→ WHAT YOU NEED TO DO: Nothing but the lines from the one containing "Don't be intimidated" through the last line of the material should appear in the answer, transcribed exactly, pictures excluded.

→ EXTRACTED INFORMATION:
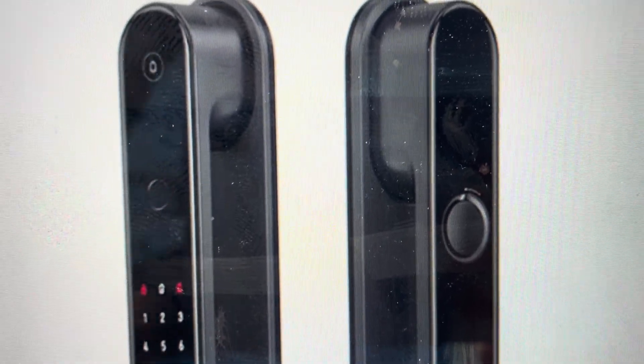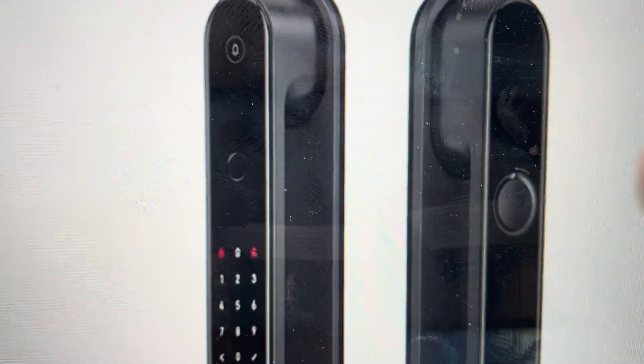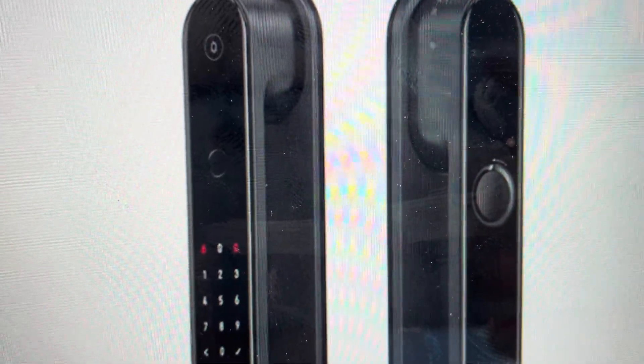You have to do this from the inside part of the lock — you can't do it from the outside. All you need to do is come in here and you have this unlock button, which normally you just press if you want to unlock. But if you press and hold this button for about 10 seconds, this will reset everything, delete everything, and restore everything to its factory default settings. At which point you can just go ahead and set the smart lock up however you want.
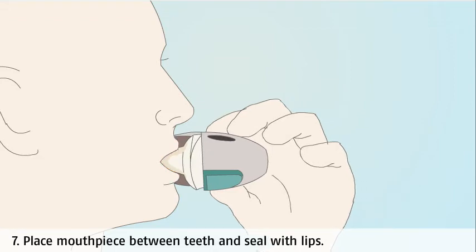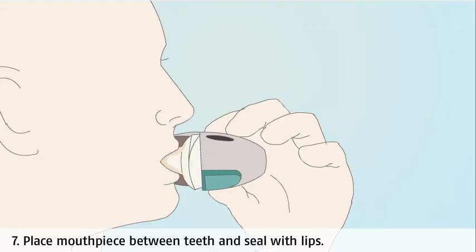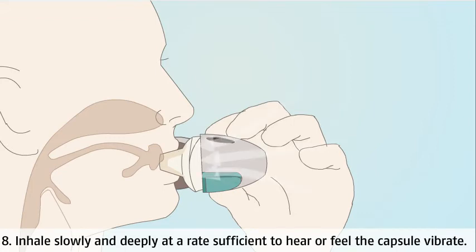Place the mouthpiece between your teeth and close your lips around it. This prevents your teeth being sprayed and creates a good seal with the lips so that the medicine doesn't escape. Breathe in slowly and deeply at a rate that allows you to hear or feel the capsule vibrate. This ensures that the powder moves from the capsule through the device and into the lungs.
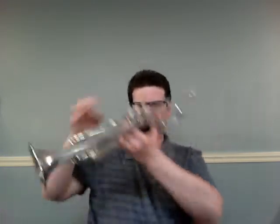Let's turn the page — number 31, A Mozart Melody. One, two, ready, go.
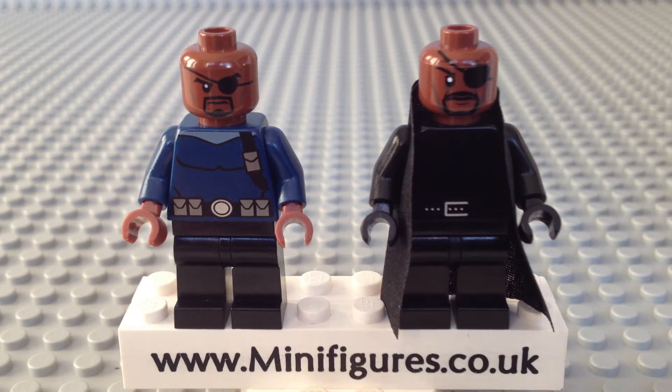Hello, it's Andrew here from minifigures.co.uk and welcome to a Lego and Christo Marvel Nick Fury minifigure review. Nick Fury, initially a CIA agent, now heads up as its director the espionage and law enforcement agency S.H.I.E.L.D. in the Marvel Comics universe.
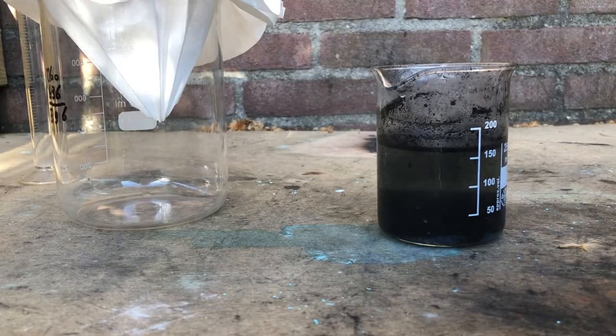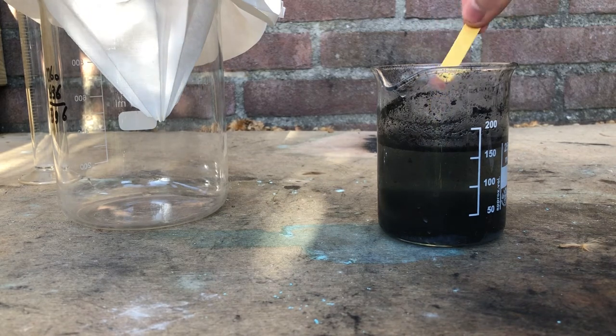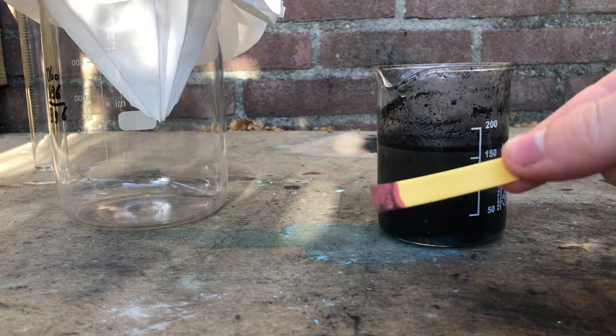Before I filter the solution, I just wanted to test the pH to see if we actually obtained some sulfuric acid. And as you can see, that is the case — we did actually create sulfuric acid, so that's a very good sign.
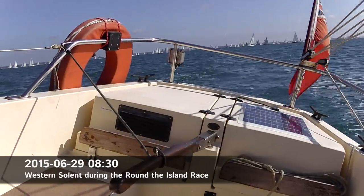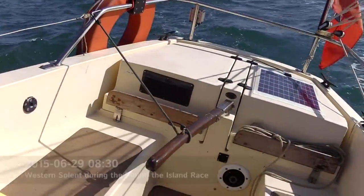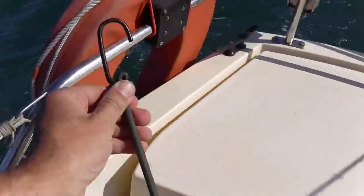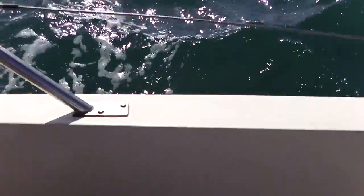I think it's a good chance to demonstrate bungee tacking. Here we go. Ready. One, two, three. Put that in.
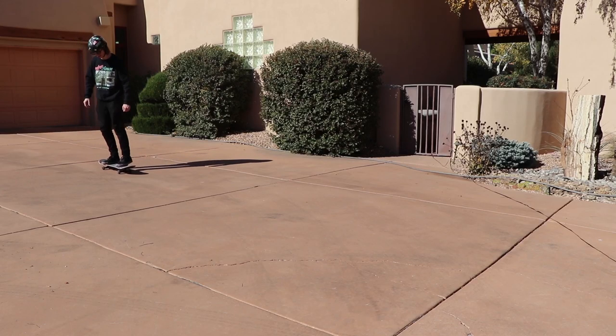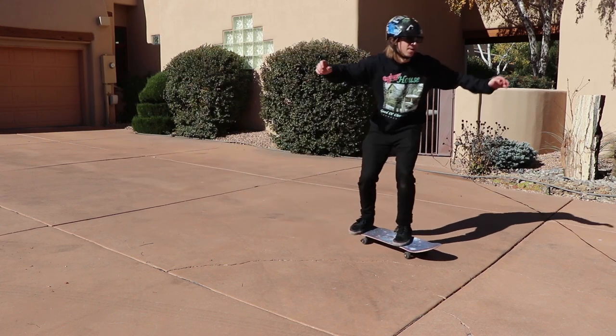I'll try the kickflip again — I think this was the second trick I ever learned. Oh, I got it!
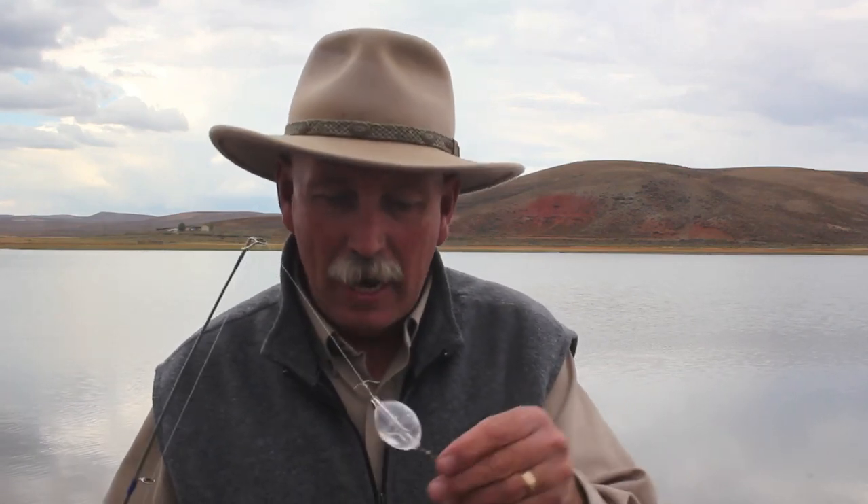Don't be intimidated by fly-fishing. There are parts of it that can be technical, but getting started can be real fun. You can do it on a lake like this, and it can get you started into the thrill of having a fish come up and grab your fly. It's using a bubble — a clear plastic bubble like this — and then you have a snap swivel.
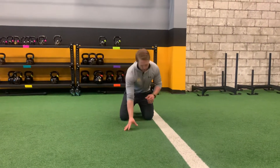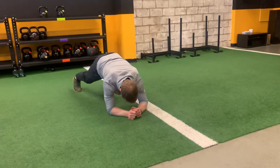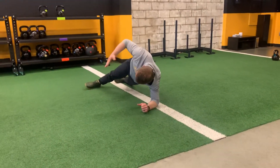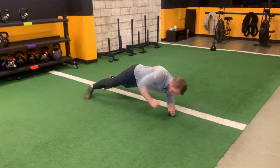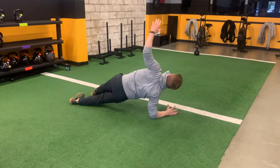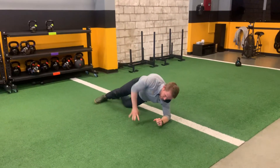Alright, so for the rolling plank, we're going to start off in a regular plank position, we're going to roll over to one side, side plank, make sure the toes rotate as you roll, and then we're going to roll back, rolling to the other side. Make sure your shoulders rotate, open up completely with that arm as you go.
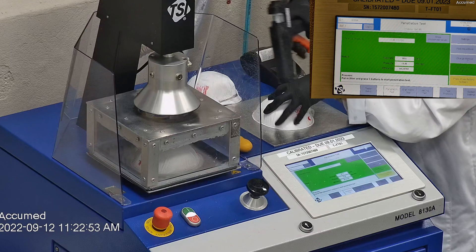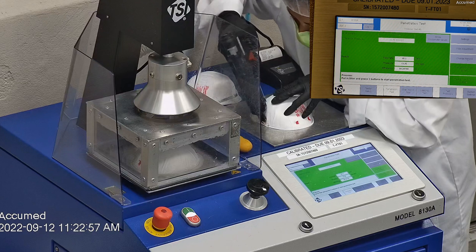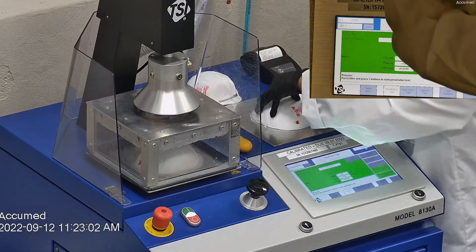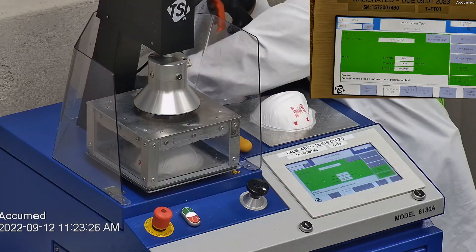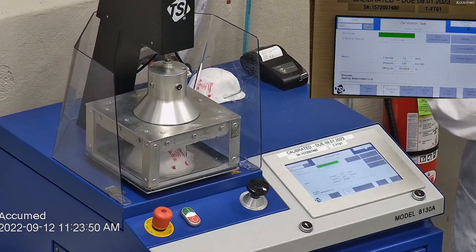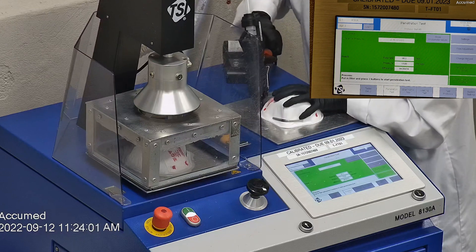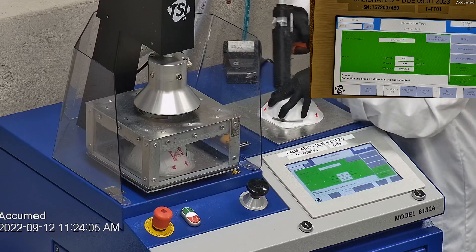The first sample's filtration percentage was 97.71 and a pressure drop of 12.6 millimeters of water. The second sample had a filtration percentage of 99.06 and a pressure drop of 13.9 millimeters of water.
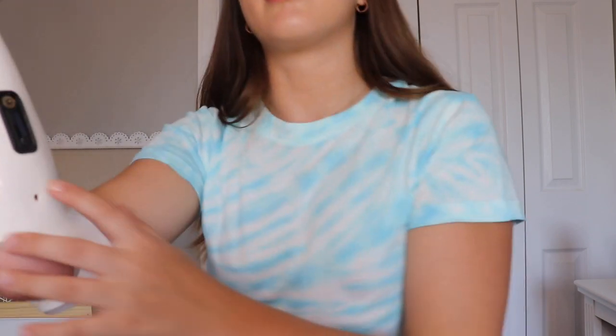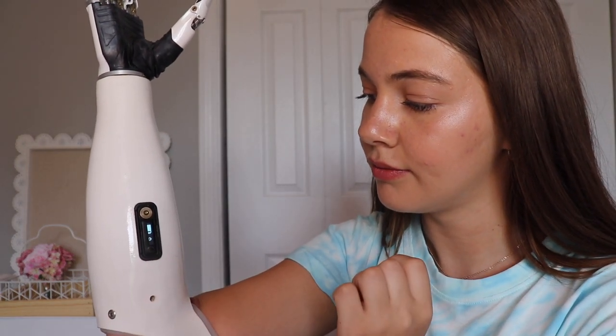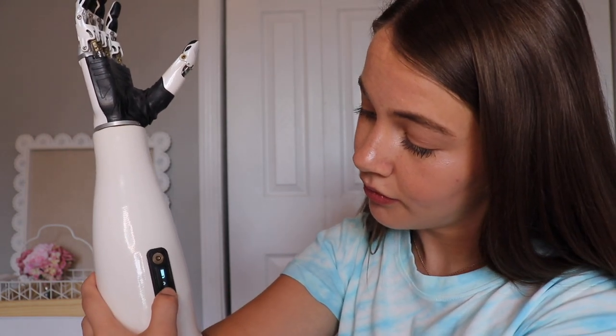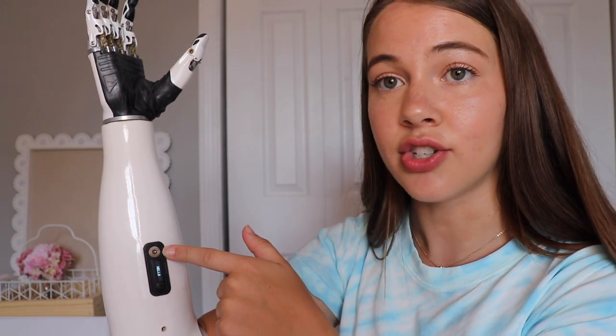Now that the arm is on, you can see that there's a space for my elbow so I can bend the arm and straighten it. And then this here latches onto my arm so that when it's upside down, it doesn't fall off. Right here is where I turn the arm on. It shows me how much battery I have left, and usually the battery lasts about the whole day. This is also where I charge it.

→ OUTPUT:
Don't be intimidated by fly-fishing. There are parts of it that can be technical, but getting started can be real fun. You can do it on a lake like this, and it can get you started into the thrill of having a fish come up and grab your fly. It's using a bubble — a clear plastic bubble like this — and then you have a snap swivel.
Alright, so for the rolling plank, we're going to start off in a regular plank position, we're going to roll over to one side, side plank, make sure the toes rotate as you roll, and then we're going to roll back, rolling to the other side. Make sure your shoulders rotate, open up completely with that arm as you go.
The first sample's filtration percentage was 97.71 and a pressure drop of 12.6 millimeters of water. The second sample had a filtration percentage of 99.06 and a pressure drop of 13.9 millimeters of water.
Now that the arm is on, you can see that there's a space for my elbow so I can bend the arm and straighten it. And then this here latches onto my arm so that when it's upside down, it doesn't fall off. Right here is where I turn the arm on. It shows me how much battery I have left, and usually the battery lasts about the whole day. This is also where I charge it.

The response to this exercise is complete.